» **Assigned task**
Please return the records below exactly as they appear, leaving every picture out.

___ Record extracts ___

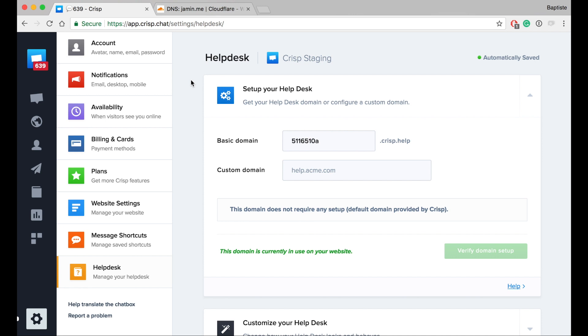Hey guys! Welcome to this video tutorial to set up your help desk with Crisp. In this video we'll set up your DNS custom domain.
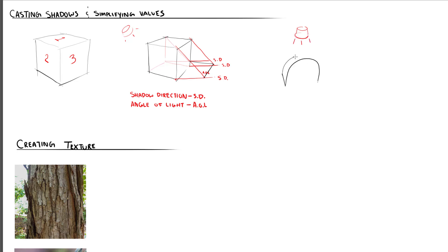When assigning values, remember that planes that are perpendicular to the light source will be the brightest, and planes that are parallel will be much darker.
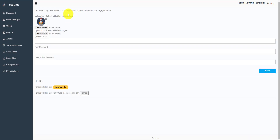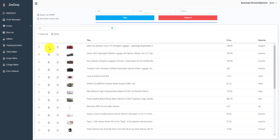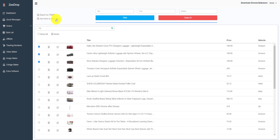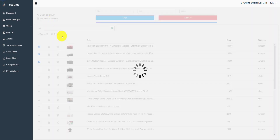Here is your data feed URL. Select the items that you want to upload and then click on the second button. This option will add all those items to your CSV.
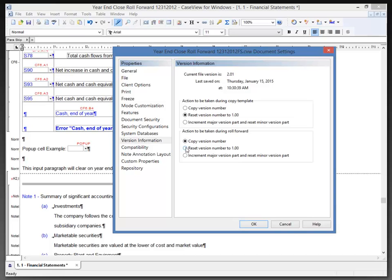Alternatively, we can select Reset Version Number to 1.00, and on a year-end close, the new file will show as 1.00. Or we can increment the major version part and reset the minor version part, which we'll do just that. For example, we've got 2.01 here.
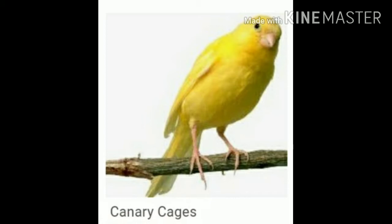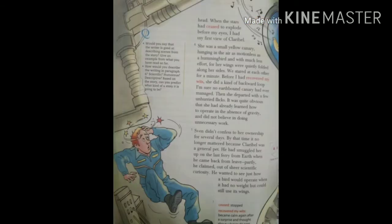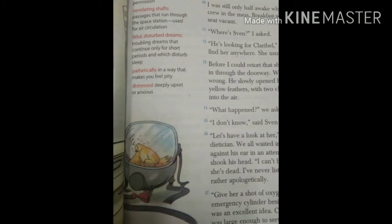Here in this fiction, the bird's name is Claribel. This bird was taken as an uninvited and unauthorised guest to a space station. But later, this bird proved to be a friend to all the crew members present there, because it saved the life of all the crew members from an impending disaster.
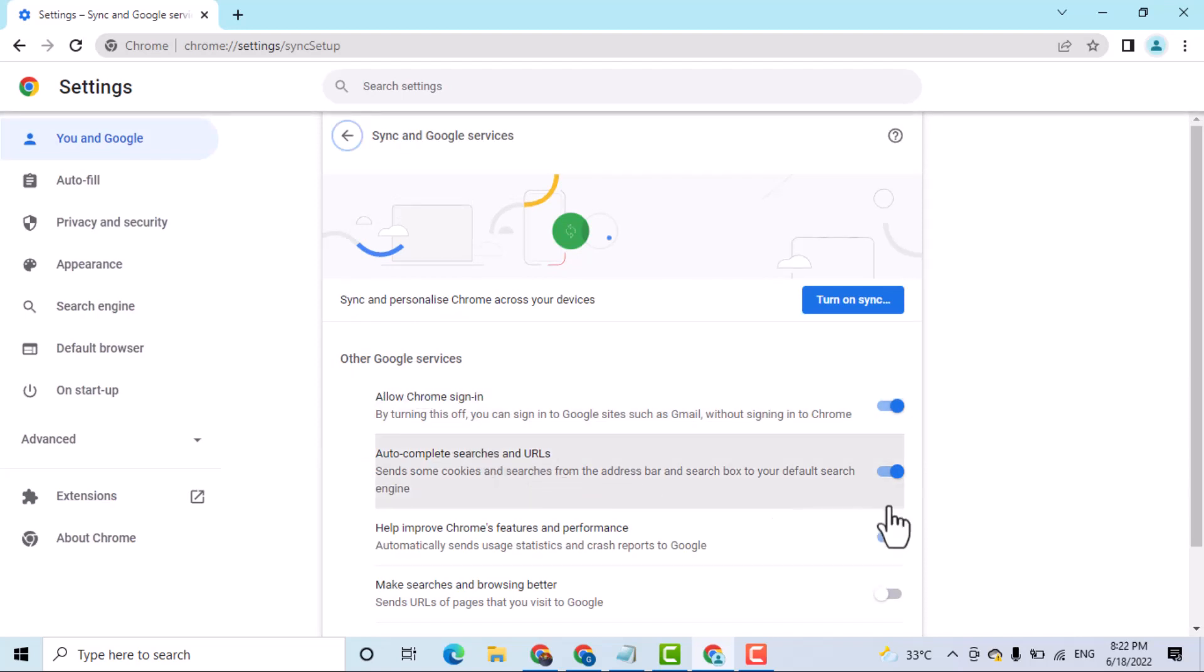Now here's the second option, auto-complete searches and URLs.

___

» **Finished exercise**
Hey guys! Welcome to this video tutorial to set up your help desk with Crisp. In this video we'll set up your DNS custom domain.
When assigning values, remember that planes that are perpendicular to the light source will be the brightest, and planes that are parallel will be much darker.
Here is your data feed URL. Select the items that you want to upload and then click on the second button. This option will add all those items to your CSV.
Alternatively, we can select Reset Version Number to 1.00, and on a year-end close, the new file will show as 1.00. Or we can increment the major version part and reset the minor version part, which we'll do just that. For example, we've got 2.01 here.
Here in this fiction, the bird's name is Claribel. This bird was taken as an uninvited and unauthorised guest to a space station. But later, this bird proved to be a friend to all the crew members present there, because it saved the life of all the crew members from an impending disaster.
Now here's the second option, auto-complete searches and URLs.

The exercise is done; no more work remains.